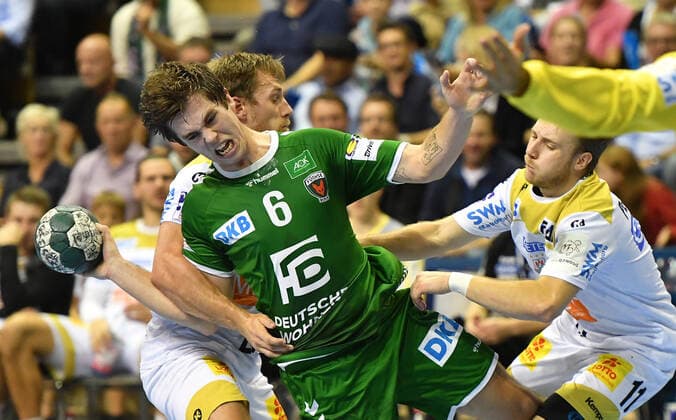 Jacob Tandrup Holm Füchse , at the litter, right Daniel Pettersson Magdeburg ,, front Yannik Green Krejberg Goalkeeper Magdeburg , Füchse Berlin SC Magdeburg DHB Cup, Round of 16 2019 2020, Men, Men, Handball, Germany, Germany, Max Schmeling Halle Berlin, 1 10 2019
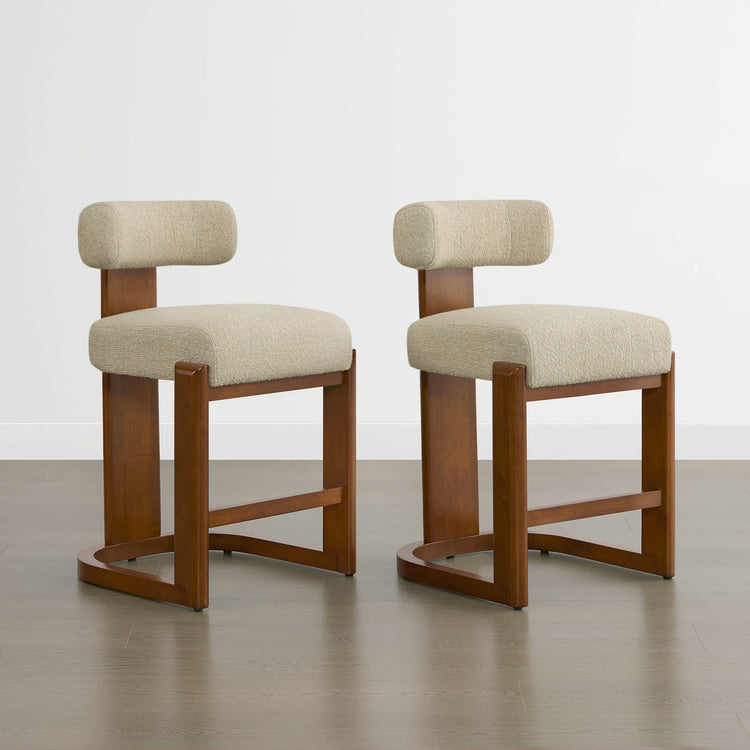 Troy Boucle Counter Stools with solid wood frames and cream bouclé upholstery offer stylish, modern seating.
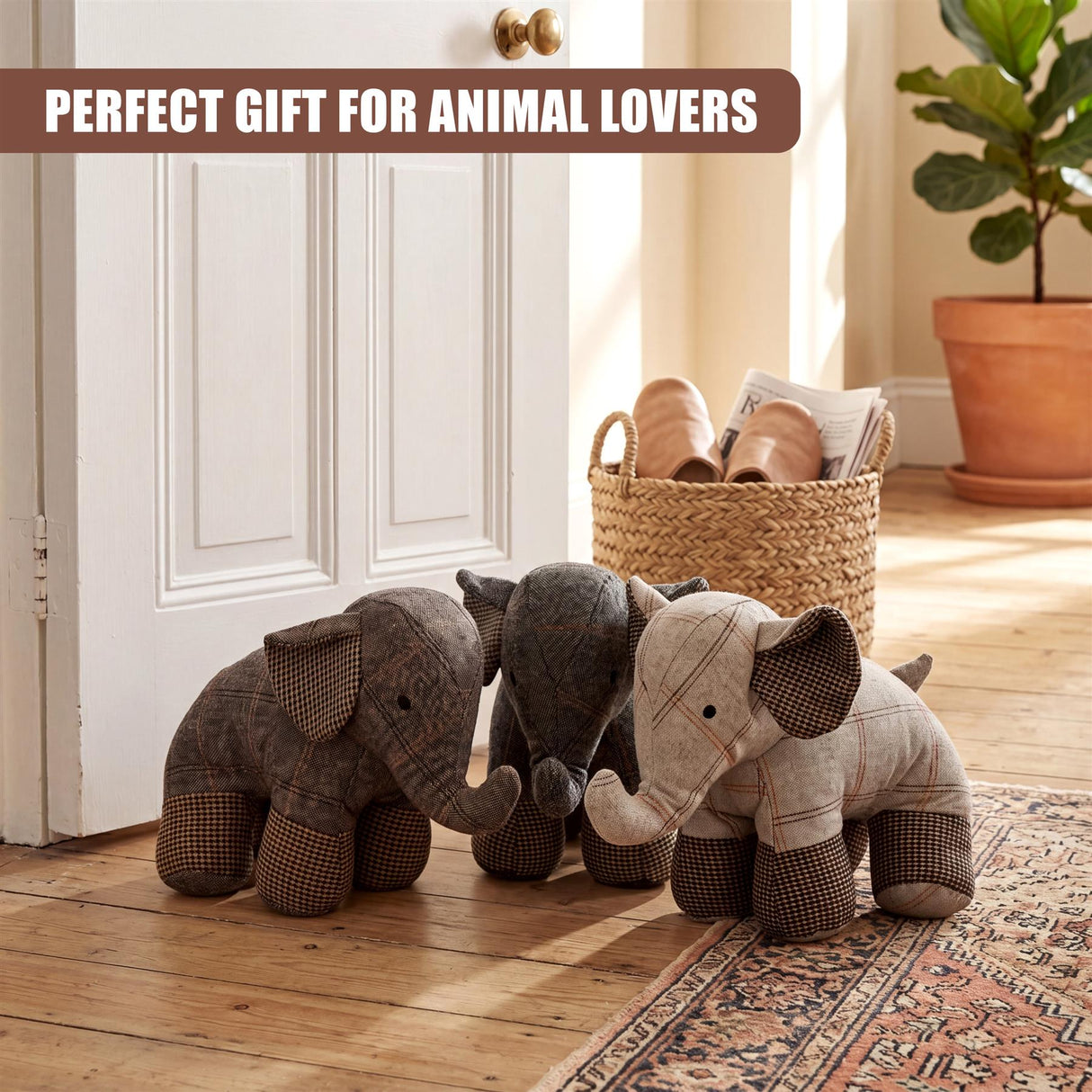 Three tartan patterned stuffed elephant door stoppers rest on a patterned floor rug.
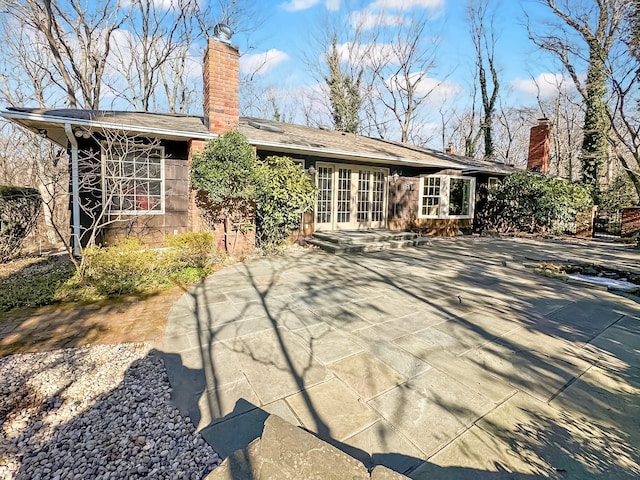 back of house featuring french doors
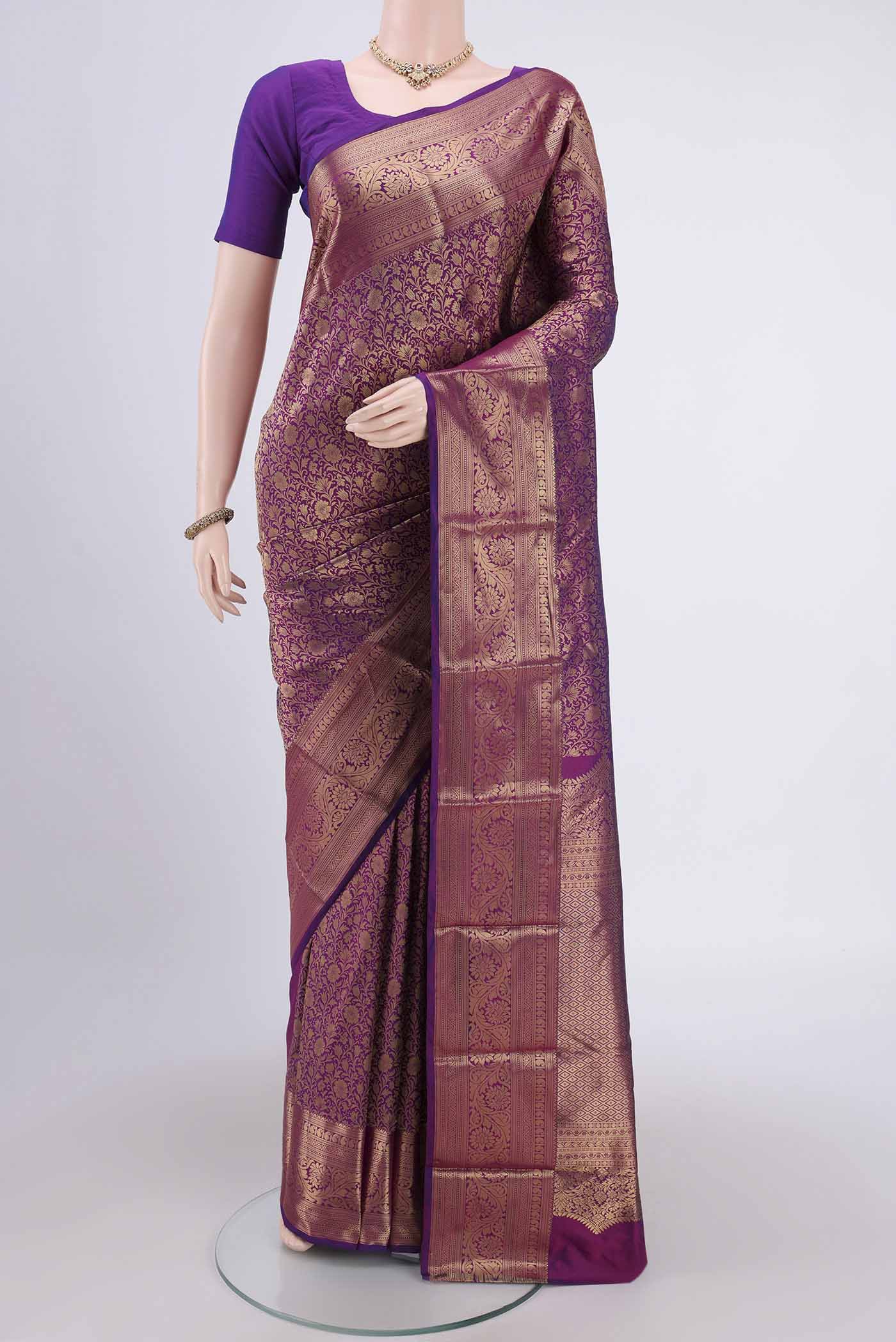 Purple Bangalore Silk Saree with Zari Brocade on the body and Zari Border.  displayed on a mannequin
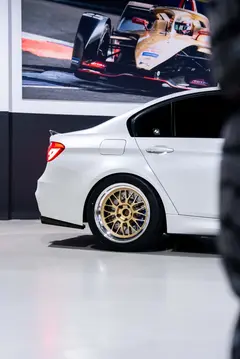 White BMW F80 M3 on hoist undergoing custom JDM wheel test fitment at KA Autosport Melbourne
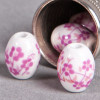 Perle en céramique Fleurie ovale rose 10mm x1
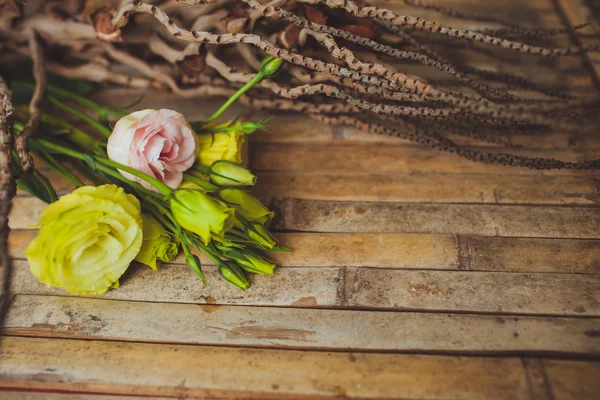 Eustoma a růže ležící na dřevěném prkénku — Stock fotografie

#####

What the task asks: Write out only the lines from the line containing "Purple Bangalore Silk" through the end of the material above, both end lines included. Pictures are not written out.

Response to this exercise:
 Purple Bangalore Silk Saree with Zari Brocade on the body and Zari Border.  displayed on a mannequin
 White BMW F80 M3 on hoist undergoing custom JDM wheel test fitment at KA Autosport Melbourne
 Perle en céramique Fleurie ovale rose 10mm x1
 Eustoma a růže ležící na dřevěném prkénku — Stock fotografie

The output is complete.